Richard Thompson, Eliza Gilkyson
Buskirk-Chumley Theater, Bloomington
Friday, Feb. 23
Here’s my challenge to you. First, take the sheer arc of the career of Richard Thompson: His band, Fairport Convention, was created 40 years ago and he’s gone on to have a successful career with over 40 albums. Secondly, look at his triple threat talent: brilliant songwriter, powerful singer and virtuosic guitar player (“Rolling Stone” named Thompson as one of the Top 20 guitarists of all time). Got all that?
Show me a parallel in contemporary rock and roll music.
We played that game after Thompson’s performance last Friday night, discussing John Hiatt (30 years, not 40), Bruce Cockburn (now we’re getting somewhere) and others, before moving to another instrument (keyboards; thus Stevie Wonder, etc.) to begin finding a few analogs.

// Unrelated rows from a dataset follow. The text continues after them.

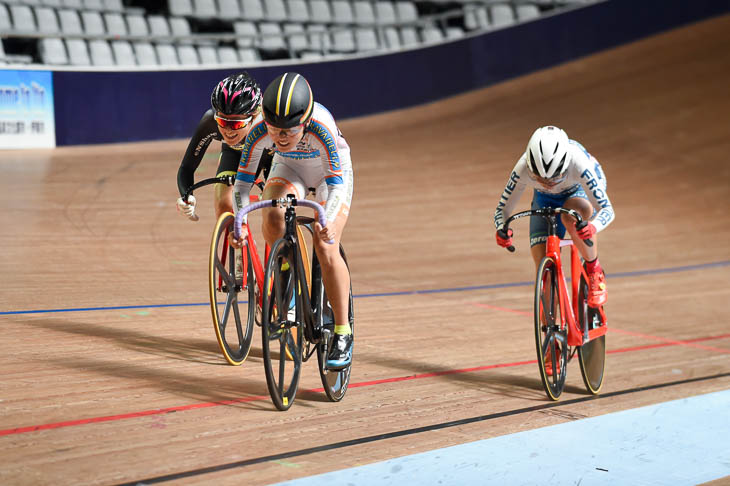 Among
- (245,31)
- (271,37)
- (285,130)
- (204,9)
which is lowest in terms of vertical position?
(285,130)

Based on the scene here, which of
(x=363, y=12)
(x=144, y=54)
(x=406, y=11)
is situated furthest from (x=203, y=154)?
(x=406, y=11)

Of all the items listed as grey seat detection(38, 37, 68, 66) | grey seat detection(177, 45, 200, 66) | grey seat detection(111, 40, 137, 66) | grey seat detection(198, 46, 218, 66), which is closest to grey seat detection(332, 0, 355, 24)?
grey seat detection(198, 46, 218, 66)

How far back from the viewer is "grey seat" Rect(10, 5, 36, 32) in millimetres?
9266

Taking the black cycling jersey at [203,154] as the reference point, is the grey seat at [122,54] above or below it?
above

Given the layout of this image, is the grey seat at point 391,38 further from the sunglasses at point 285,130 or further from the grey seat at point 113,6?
the sunglasses at point 285,130

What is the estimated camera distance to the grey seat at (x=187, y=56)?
33.6 ft

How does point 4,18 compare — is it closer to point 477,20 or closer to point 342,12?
point 342,12

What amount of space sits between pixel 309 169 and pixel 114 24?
330 inches

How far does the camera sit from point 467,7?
44.5ft

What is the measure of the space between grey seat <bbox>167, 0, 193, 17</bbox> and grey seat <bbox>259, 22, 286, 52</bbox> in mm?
1074

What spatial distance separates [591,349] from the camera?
10.4 ft

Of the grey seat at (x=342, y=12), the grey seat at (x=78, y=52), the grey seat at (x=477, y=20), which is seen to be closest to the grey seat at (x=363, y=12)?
the grey seat at (x=342, y=12)

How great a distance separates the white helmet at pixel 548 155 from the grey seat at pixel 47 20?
8130 millimetres

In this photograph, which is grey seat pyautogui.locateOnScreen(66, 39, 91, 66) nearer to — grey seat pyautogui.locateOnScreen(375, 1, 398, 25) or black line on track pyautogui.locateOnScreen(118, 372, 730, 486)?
grey seat pyautogui.locateOnScreen(375, 1, 398, 25) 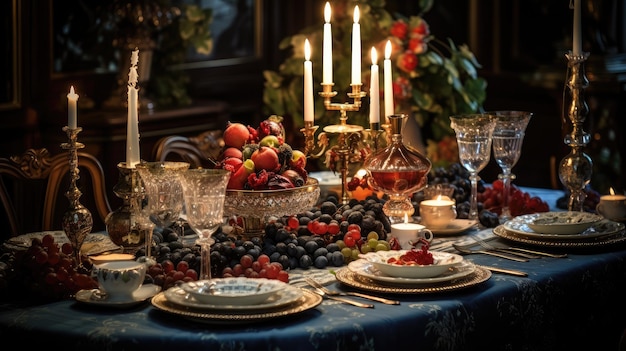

On Feb. 23, Thompson played tunes across that four-decade span, interacting with the crowd throughout with his deadpan, self-deprecating humor. He’s been coming to Bloomington for a long time, and he told the crowd it was one of his favorite towns. What performer wouldn’t enjoy playing the acoustically sublime Buskirk-Chumley to the raucous — but never disrespectful — audience?
Park folk, part Celtic, part rock and roll, part, well, Zappa, Thompson was a powerful presence on stage, swinging effortlessly from silly show tune, to aching ballad, to rocking protest song. Veteran Thompson aficionados were overheard after the performance saying it was his best solo show they’d ever seen. It may true; Thompson gets better as he gets older, more cunning and more heartfelt.
He promised he’d be back in June — with his band.
Warm-up performer Eliza Gilkyson was a confluent counterpart. She too displayed a wide variety of styles and emotions, and, like Thompson, was a delight to listen to between songs. When she was done, we were thoroughly warmed to the intimacy of the setting, prepared for the phenomenon of Richard Thompson.